Pryor v. Commonwealth

BENTON, J.,

concurring, in part, and dissenting, in part.

I concur in the holding that the trial judge did not err in overruling Gary Anthony Pryor’s objection to the admission of his wife’s preliminary hearing testimony. I also agree that the trial judge did not abuse his discretion in permitting the prosecutor and a witness to reenact the wife’s testimony by question and answer at trial. I dissent, however, from the portion of the opinion upholding the abduction conviction.

*11I. Spousal Testimony

Without any objection by Pryor or his wife, Pryor’s -wife testified for the Commonwealth at the preliminary hearing that Pryor strangled Lisa Johnson. Only during cross-examination by Pryor’s attorney was she asked to explain the sequence of events. She then testified for the first time that Pryor asked her to retrieve tape, he taped Johnson’s wrists, and he rose to obtain a plastic bag to suffocate Johnson. During this cross-examination, Pryor’s wife testified about statements Pryor made to her as these events were occurring.

Citing Code § 19.2-271.2, Pryor’s attorney contends on appeal that the trial judge erred in admitting the wife’s preliminary hearing testimony because “the wife exercised her right ... to not testify against the husband.” In essence, he argues that Pryor’s wife invoked her testimonial privilege not to be compelled to testify against her husband. Pryor’s attorney did not argue at trial and does not argue on appeal that her testimony should have been barred by the interspousal confidential communication privilege recognized in Code § 19.2-271.2, which incorporated Code § 8.01-398. Interspousal confidential communication privilege is a separate, distinct privilege created by the statute. See Church v. Commonwealth, 230 Va. 208, 213-15, 335 S.E.2d 823, 826-27 (1985). For this reason, I concur in the ruling that the trial judge did not err in overruling the objection that was articulated by Pryor’s attorney at trial.

II. Abduction

Pryor argues on appeal that his detention of Johnson was not separate and apart from the detention employed in the act causing the homicide. I disagree with the majority’s conclusion that the holding in Brown v. Commonwealth, 230 Va. 310, 337 S.E.2d 711 (1985), cannot apply when a defendant is charged with abduction coupled with a homicide.

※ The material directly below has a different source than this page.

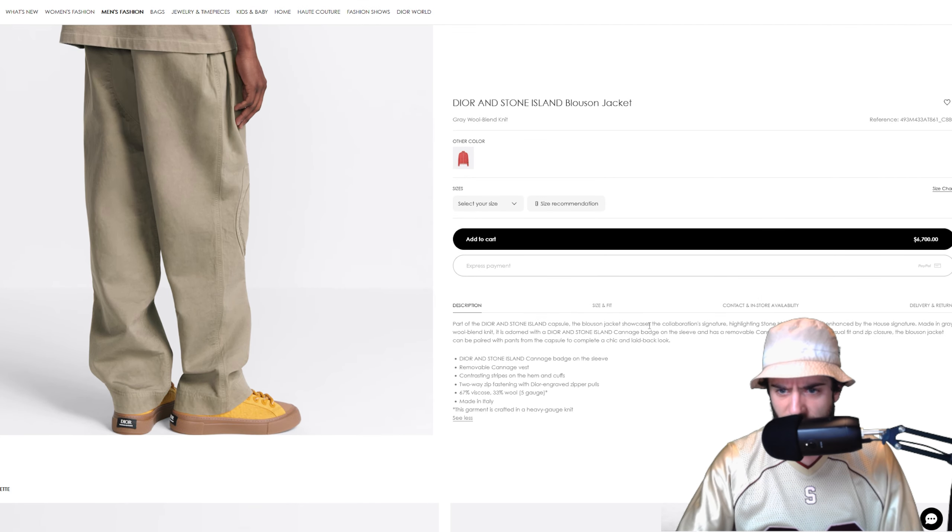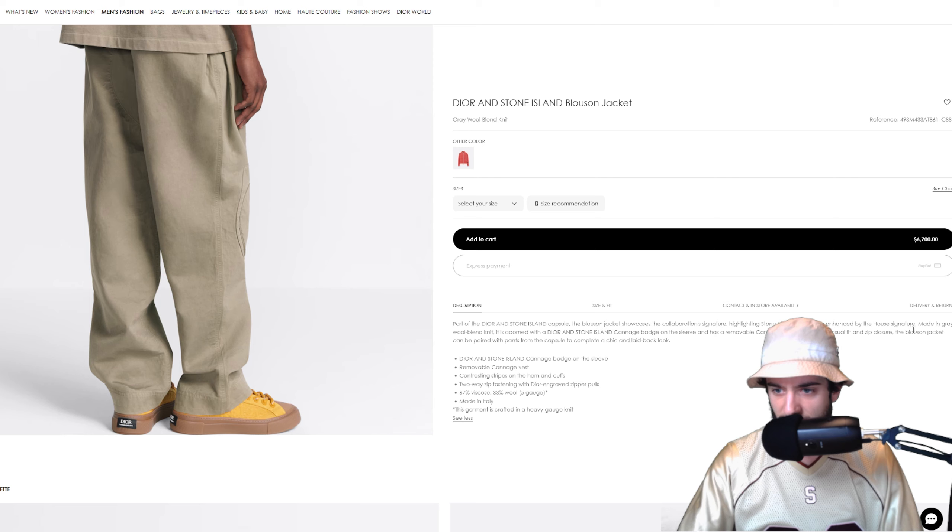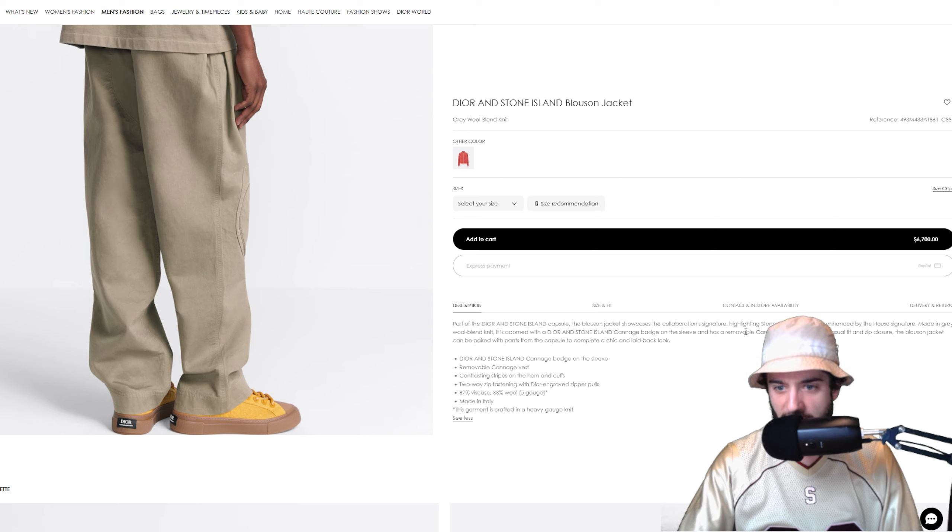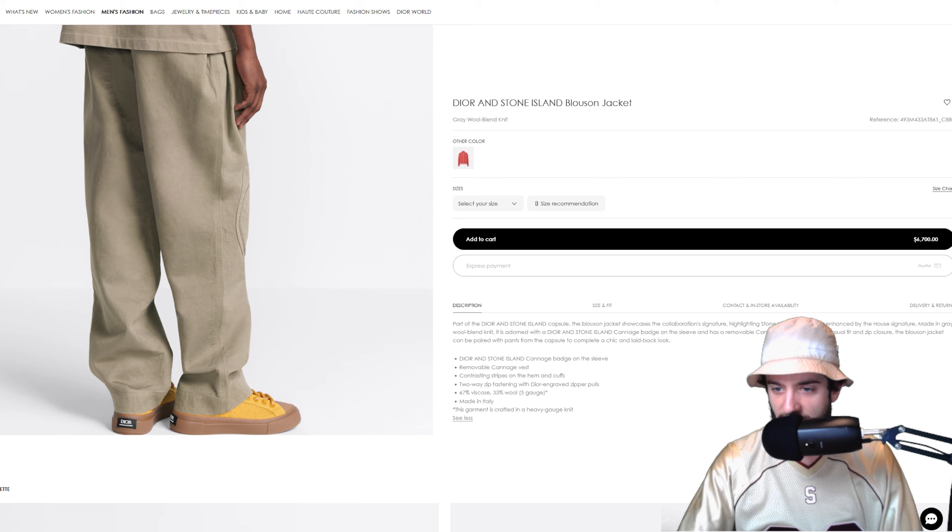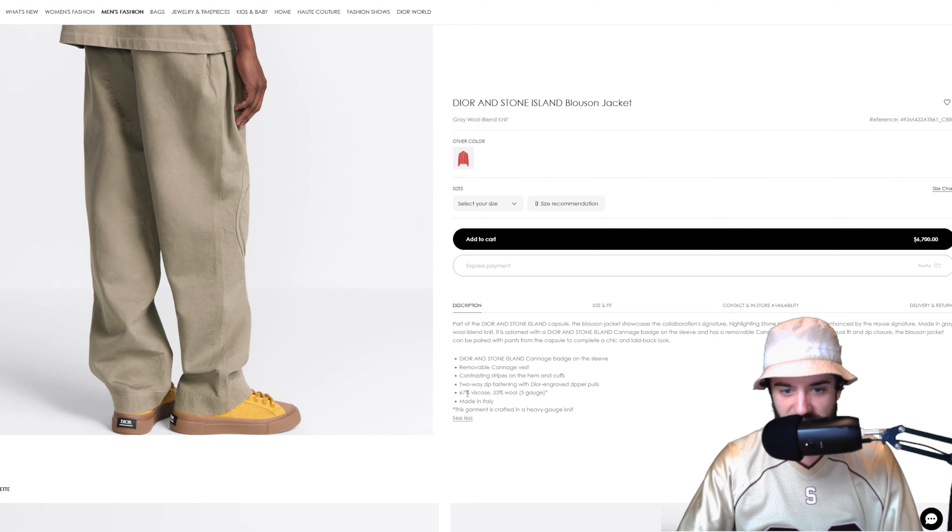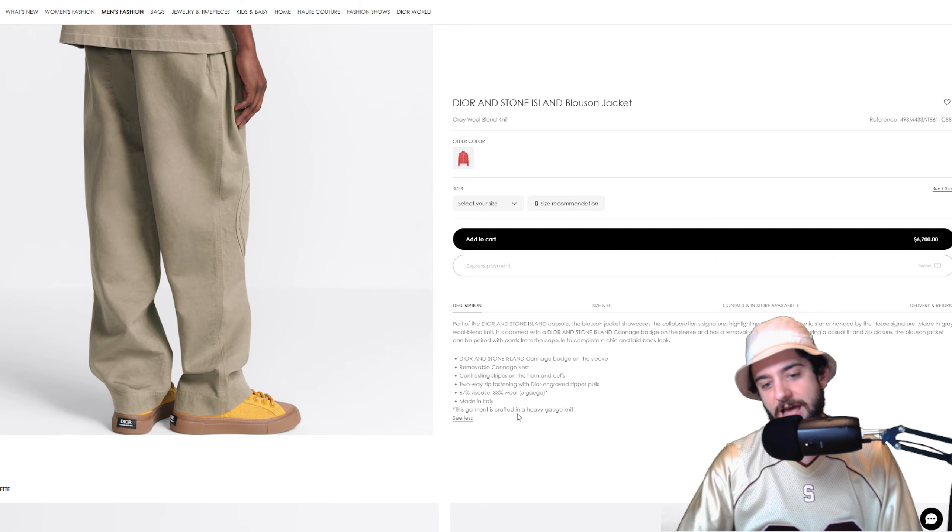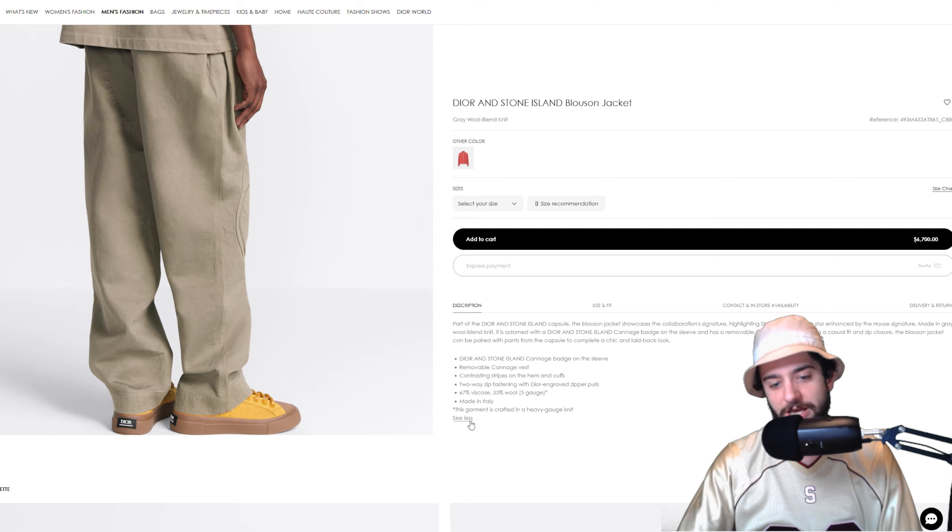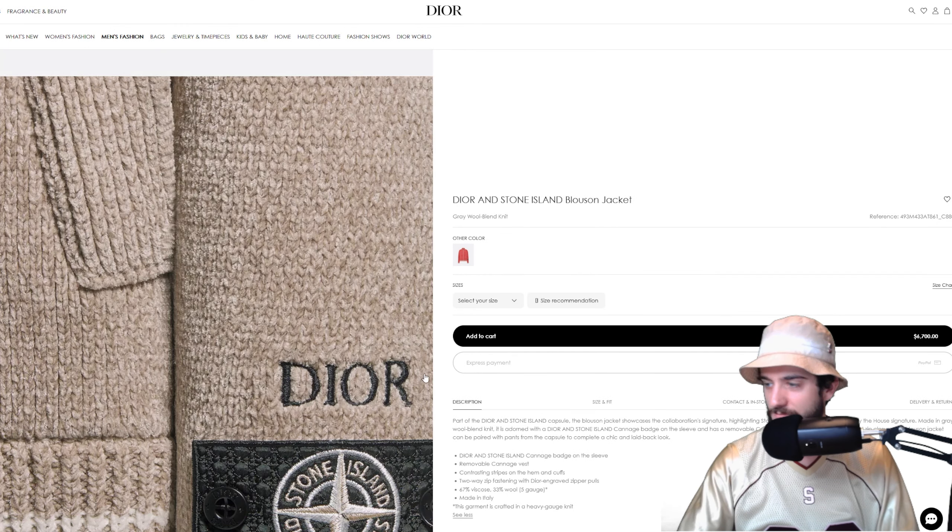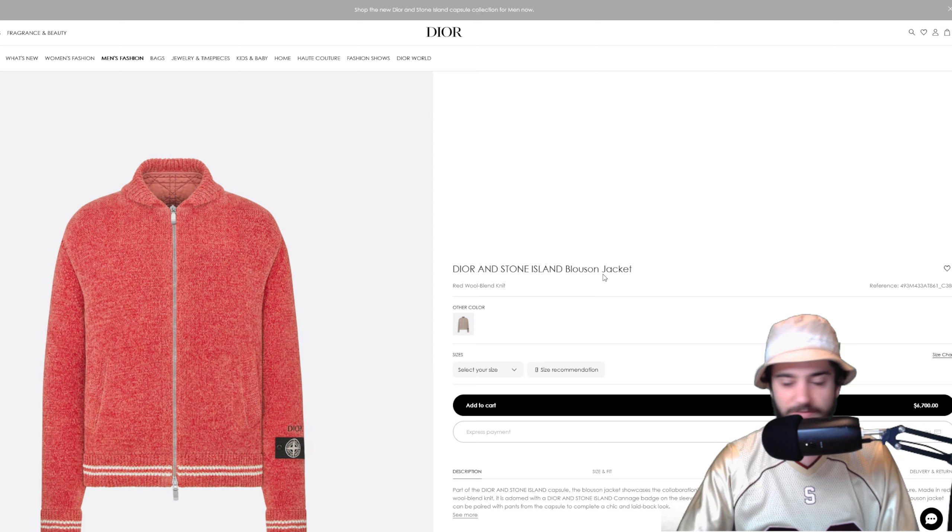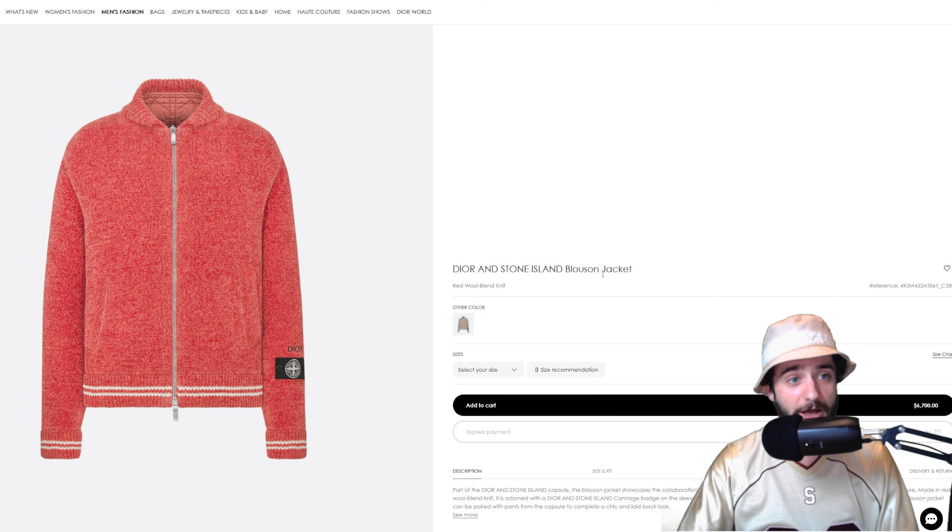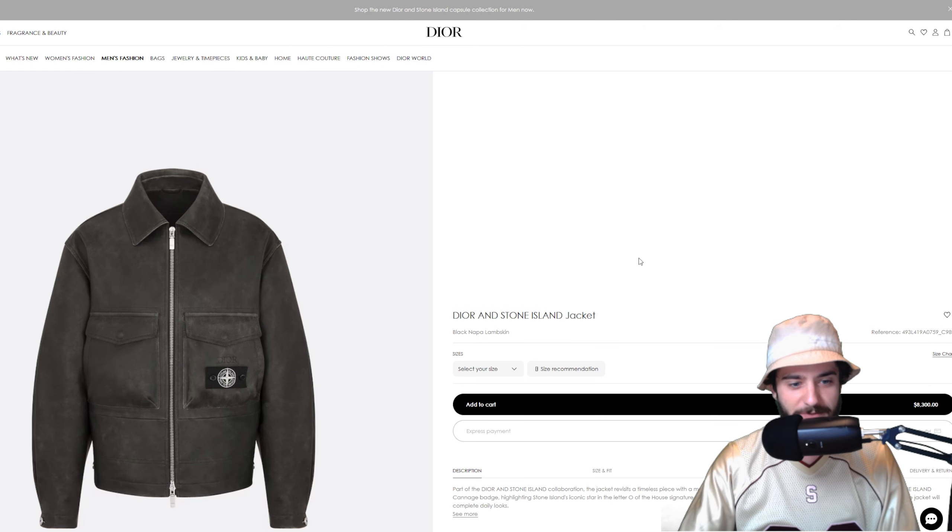Let's see, showcases this collab signature the star canage badge, has a removable canage vest, casual fit and zip closure, 67% viscose, 33% wool. That must be for the vest maybe. Made in Italy. Oh guys, it's crafted in a heavy gauge knit, so of course $6,700. You can also get it in red, very cool.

Pryor’s wife’s testimony did not establish that the time sequence of these events was lengthy or that Pryor moved any significant distance beyond Johnson’s body in obtaining the *12bag. The absence of those facts is critical because in Brown the Supreme Court

h[e]ld ... that one accused of abduction by detention and another crime involving restraint of the victim, both growing out of a continuing course of conduct, is subject upon conviction to separate penalties for separate offenses only when the detention committed in the act of abduction is separate and apart from, and not merely incidental to, the restraint employed in the commission of the other crime.

230 Va. at 314, 337 S.E.2d at 713-14. The Supreme Court further noted that “other courts follow a similar rule,” and it cited Iowa v. Folck, 325 N.W.2d 368 (Iowa 1982), as an example. Brown, 230 Va. at 314, 337 S.E.2d at 714. Significantly, the Iowa Supreme Court noted in Folck that, when a defendant commits a criminal act, “not every incidental confinement or every trivial movement from one place to another warrants a kidnapping conviction,” and it enumerated factors to be used in determining whether a separate abduction occurred. Folck, 325 N.W.2d at 371.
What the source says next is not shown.